31 Juli 2010, Samstag

Ein Boykott ist der einzig konsequente Weg für die Kräfte der Demokratie

ALİ ŞİMŞEK arsim2008@gmail.com

Übersetzung CORINNA TROGISCH

Eine Vielzahl von Zirkeln und Parteien hat inzwischen ihre Haltung dem Paket von Verfassungsänderungen gegenüber erklärt, über das am 12. September per Referendum abgestimmt werden soll. Seit über einer Woche werden Entscheidungen begründet und andere kritisiert.

Wie von mir bereits vorausgesehen und andernorts ausführlich beschrieben, erscheinen zunehmend zwei Lager auf der Bilfläche: die Anhänger der Beteiligung am Referendum und die des Boykotts. Es scheint allerdings nötig, sich die Inkonsistenzen und Verwirrungen in der Argumentation vieler linker und demokratischer Kreise etwas genauer anzusehen.

Es läβt sich beobachten dass jene, die ein 'Nein' zum Änderungspaket der Regierung verfechten, durch drei Punkte vereint sind:

Zuerst vereint sie die Gegnerschaft gegen die AKP und dass sie das Paket als AKP-Paket sehen. VertreterInnen dieser Position zufolge versucht die AKP, Institutionen der Gerichtsbarkeit sowie den Hochschulrat YÖK und ähnliche Einrichtungen unter ihre Kontrolle zu bekommen. V.a. dieses Argument wird von CHP und MHP sowie den Schichten, die diese vertreten, immer wieder in Anschlag gebracht.

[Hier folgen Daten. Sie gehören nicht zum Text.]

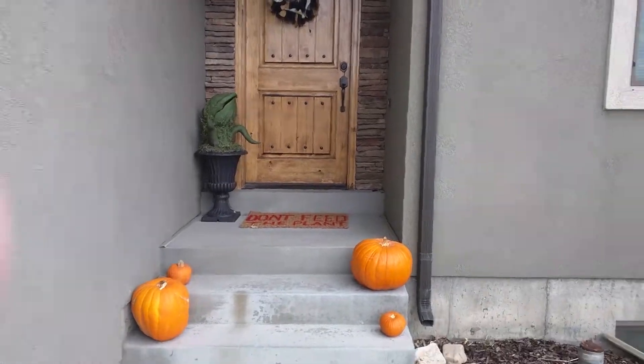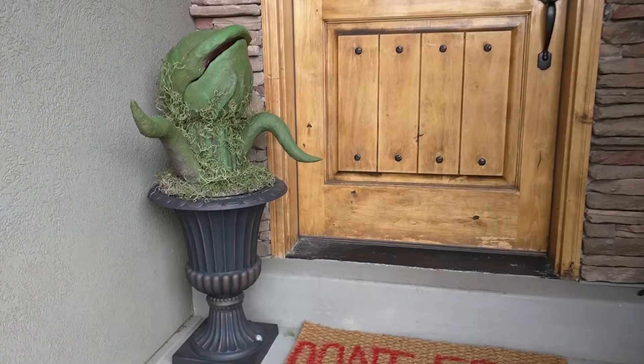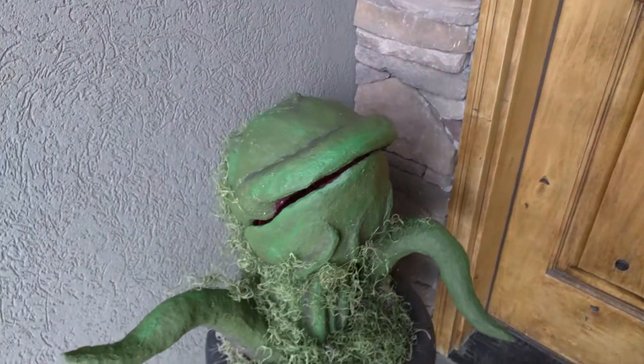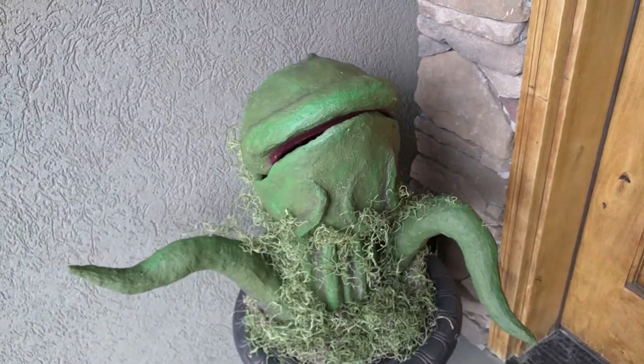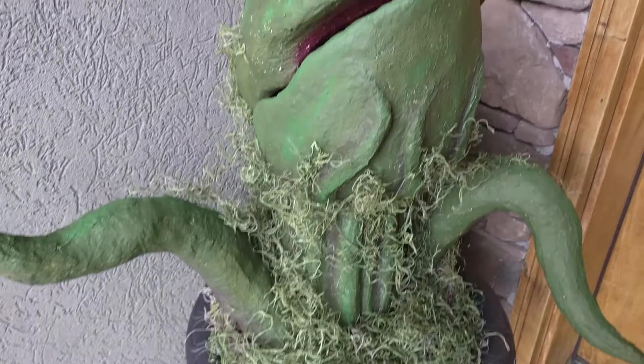This is my latest project — it's Audrey 3, and I made it just using paper mache, a helmet, paint, moss, a little motion detector.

Zweitens beinhaltet diese Position auch eine implizite Distanzerklärung gegenüber der kurdischen Bewegung, die bisweilen ins Chauvinistische abgleitet. Hie und da wird erkennbar, dass hinter dem Ausschluss der kurdischen Bewegung als einer der Hauptkräfte, die mit organisierter Unterstützung aus der Bevölkerung für eine demokratische Verfassung und den Kampf für Demkratie eintreten, auch Wahlkalküle stehen.

Und so drücken sich drittens im 'Nein' auch Erwartungen gegenüber einer vom 'Ghandi' Kemal Kılıçdaroğlu geführten CHP im Hinblick auf die 2011 anstehenden Wahlen aus. Wie auch das 'Ja'-Lager, das sich zu Flickschustern der Bewältigung des 12. September macht, so greifen diese linksdemokratischen Parteien und Zirkel die Boykott-Position an; und dies in einer Weise, die sie selbst aus Sicht der CHP preisverdächtig macht.

So verlautete ein Parteiführungsmitglied im Sinne des 'Nein': „Ebenso wie wir nicht die Verfassung vom 12. September unterstützt oder boykottiert haben, wiewohl sie besser als die Militärjunta war, so unterstützen wir jetzt auch nicht das Vorhaben einer von Grund auf rückständigen Partei, Gericht und YÖK mit den eigenen Anhängern zu besetzen - und wir stärken auch nicht das 'Ja' dazu durch einen Boykott.‟

All diese Plauderei verhüllt kaum die faktische Unterstützung für die CHP. Und so bleibt zu fragen: wenn nicht die „von Grund auf rückständigen‟ Kader der AKP in den YÖK einziehen, sondern die weniger rückständigen Kader von CHP und MHP, was dann? Würde der YÖK dadurch weniger zu einer „von Grund auf rückständigen‟ Institution? Gemäβ dieser Argumentation haben wir also die Wahl zwischen „von Grund auf‟ und weniger rückständig.

Die Boykott-Position beginnt bereits, die herrschenden Klassen zu beunruhigen. Ja es gibt innerhalb der medialen Mobilmachung des Kapitals sogar Diskussionen um die Gründung einer Allianz von AKP und CHP gegen die Boykottierer. Nur so, heisst es, könne die '29. kurdische Erhebung' beendet und die kurdische Bevölkerung von derartigem abgeschreckt werden.

Im Ganzen zeigt sich erneut, dass alle die Gleichheit, Freiheit, das Recht auf Organisierung, Religions- und Meinungsfreiheit, sprich Demokratie wollen, und auch die Arbeitenden, abhängig Beschäftigten und Unterdrückten, vereint voranschreiten müssen. Es gilt, sich gewahr zu werden, dass 'Ja' und 'Nein' zwei Seiten derselben Münze, die zwei Gesichter der Tradition des12. September sind  - trotz aller Bemäntelungsversuche.

Der Boykott ist die Haltung, die in Ablehnung des alten und neuen 12. September den Kampf für eine demokratische und freiheitliche Verfassung organisieren kann; folglich die einzig konsequente Haltung für die Kräfte der Demokratie.